High-fructose corn syrup is in everything nowadays; it’s used as a sweetener and an alternative to just table sugar in most foods.  Many people are very concerned with the health of high-fructose corn syrup, especially because it is most often found in high levels in processed foods.  However, is it really as bad as some people think?

The Basics

Sucrose is the sugar that most people interact with; it’s table sugar, but it is also in maple syrup, cane sugar, and beet sugar, the most common sweeteners besides high fructose corn syrup.  Sucrose is made up of a molecule of glucose bound to a molecule of fructose (both of which are individual sugar units).  When this sugar is ingested, it is subsequently broken down into the individual units of fructose and glucose to be taken up in fat storage or used as energy.
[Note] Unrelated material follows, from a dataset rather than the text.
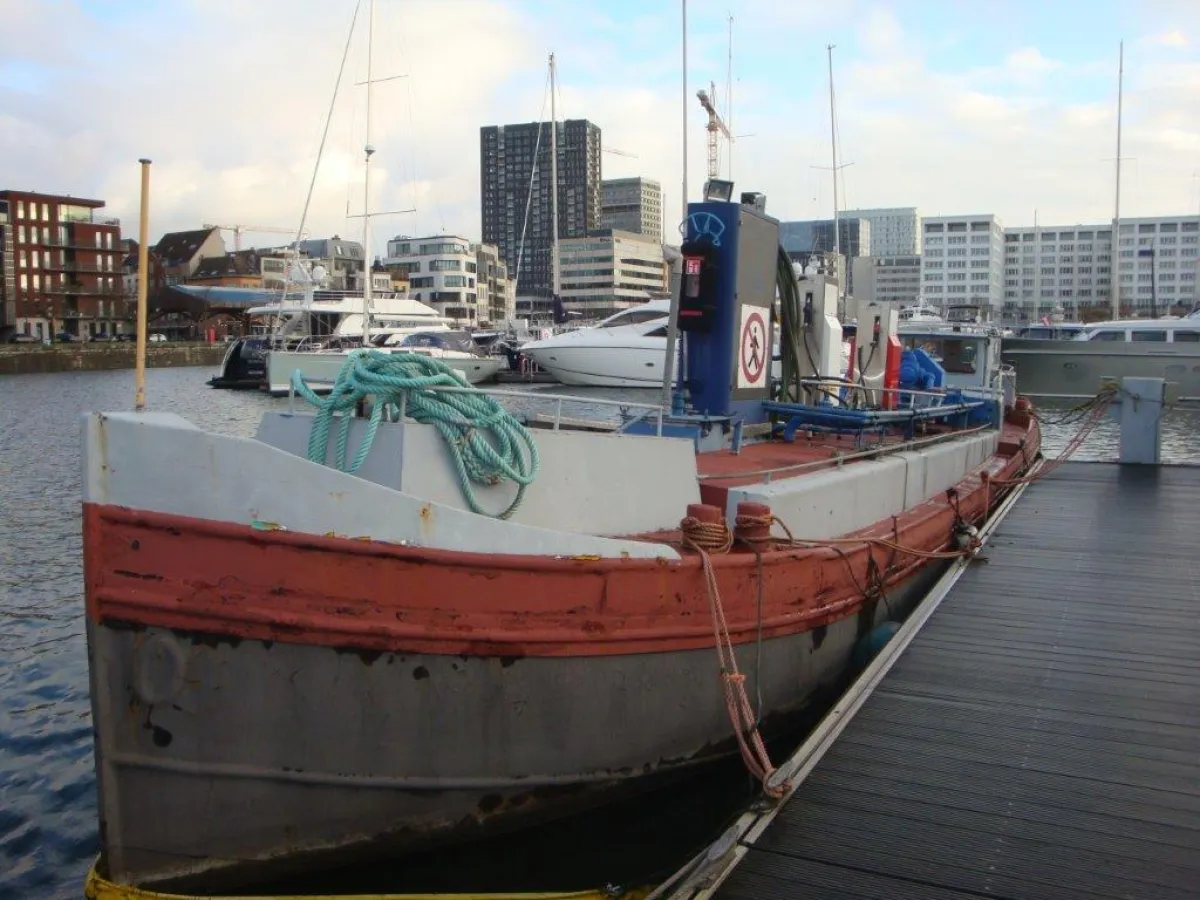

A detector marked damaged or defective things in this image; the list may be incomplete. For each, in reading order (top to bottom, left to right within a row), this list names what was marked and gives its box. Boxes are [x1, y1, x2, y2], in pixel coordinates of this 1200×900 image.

red paint peeling [82, 420, 1041, 657]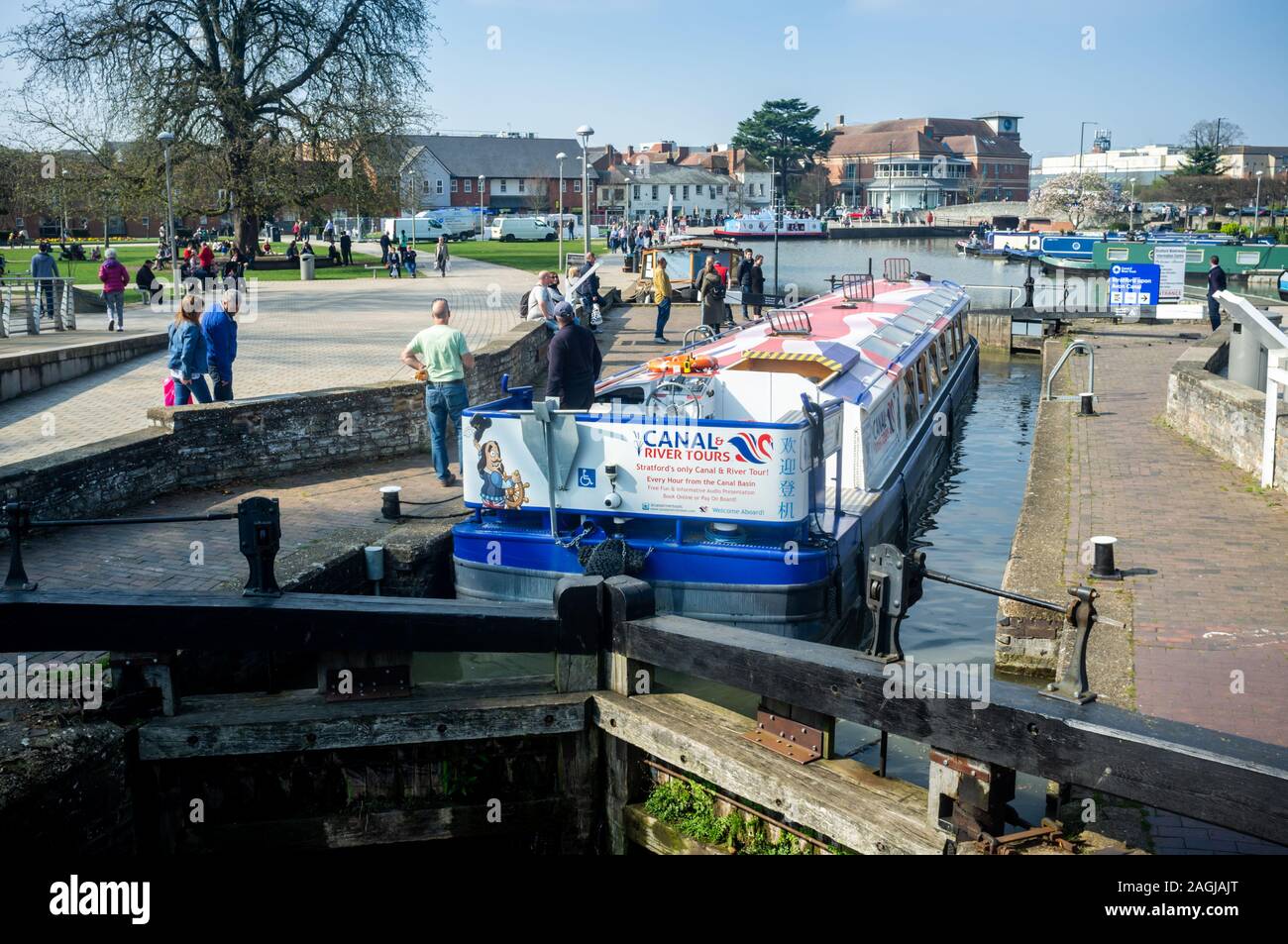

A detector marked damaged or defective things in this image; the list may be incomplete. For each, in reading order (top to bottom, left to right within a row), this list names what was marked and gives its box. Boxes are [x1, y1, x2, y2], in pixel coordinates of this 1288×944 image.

rusty metal plate [324, 664, 409, 700]
rusty metal plate [747, 710, 824, 762]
While fructose and glucose are both sugar units, they are used by the body in different ways.  Glucose is broken down by the body in many different ways, including generating ATP, the energy of the body.  However, fructose is only broken down in the liver.  Therefore, when the liver receives more fructose than it needs, it automatically stores that all into fat, and a buildup of too much fat can be bad for you.  There also has been some research done into how the body determines when it has to much fat; it turns out that fructose, unlike glucose, does not stimulate the parts of the body that tells you when you have had too much sugar or too little sugar.  This makes it far easier to eat too much.  So, it is definitely true that too much fructose can be bad for you.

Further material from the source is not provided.